Data entries:
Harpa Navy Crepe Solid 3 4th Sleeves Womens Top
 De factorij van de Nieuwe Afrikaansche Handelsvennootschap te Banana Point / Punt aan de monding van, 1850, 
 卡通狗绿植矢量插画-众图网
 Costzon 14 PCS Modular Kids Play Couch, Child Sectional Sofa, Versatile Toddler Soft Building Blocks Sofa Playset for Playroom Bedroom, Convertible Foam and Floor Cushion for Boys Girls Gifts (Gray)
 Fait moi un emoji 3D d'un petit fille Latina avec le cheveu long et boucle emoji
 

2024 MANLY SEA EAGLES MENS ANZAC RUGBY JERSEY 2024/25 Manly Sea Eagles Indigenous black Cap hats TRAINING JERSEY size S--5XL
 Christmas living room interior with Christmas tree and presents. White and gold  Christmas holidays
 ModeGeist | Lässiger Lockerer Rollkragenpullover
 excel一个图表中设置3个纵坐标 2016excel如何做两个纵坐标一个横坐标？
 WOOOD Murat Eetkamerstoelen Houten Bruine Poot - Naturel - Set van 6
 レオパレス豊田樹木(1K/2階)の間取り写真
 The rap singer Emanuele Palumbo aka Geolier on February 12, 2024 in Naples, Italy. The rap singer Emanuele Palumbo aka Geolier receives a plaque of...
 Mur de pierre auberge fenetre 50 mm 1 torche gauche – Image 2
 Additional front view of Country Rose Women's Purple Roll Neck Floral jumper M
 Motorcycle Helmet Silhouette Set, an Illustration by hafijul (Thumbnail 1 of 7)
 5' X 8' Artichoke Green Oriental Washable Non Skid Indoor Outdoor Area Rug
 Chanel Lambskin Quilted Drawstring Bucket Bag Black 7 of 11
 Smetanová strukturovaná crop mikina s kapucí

What is required:
Repeat the data word for word, starting at its first line and stopping after the line that contains "卡通狗绿植矢量插画-众图网".

Response to this task:
Harpa Navy Crepe Solid 3 4th Sleeves Womens Top
 De factorij van de Nieuwe Afrikaansche Handelsvennootschap te Banana Point / Punt aan de monding van, 1850, 
 卡通狗绿植矢量插画-众图网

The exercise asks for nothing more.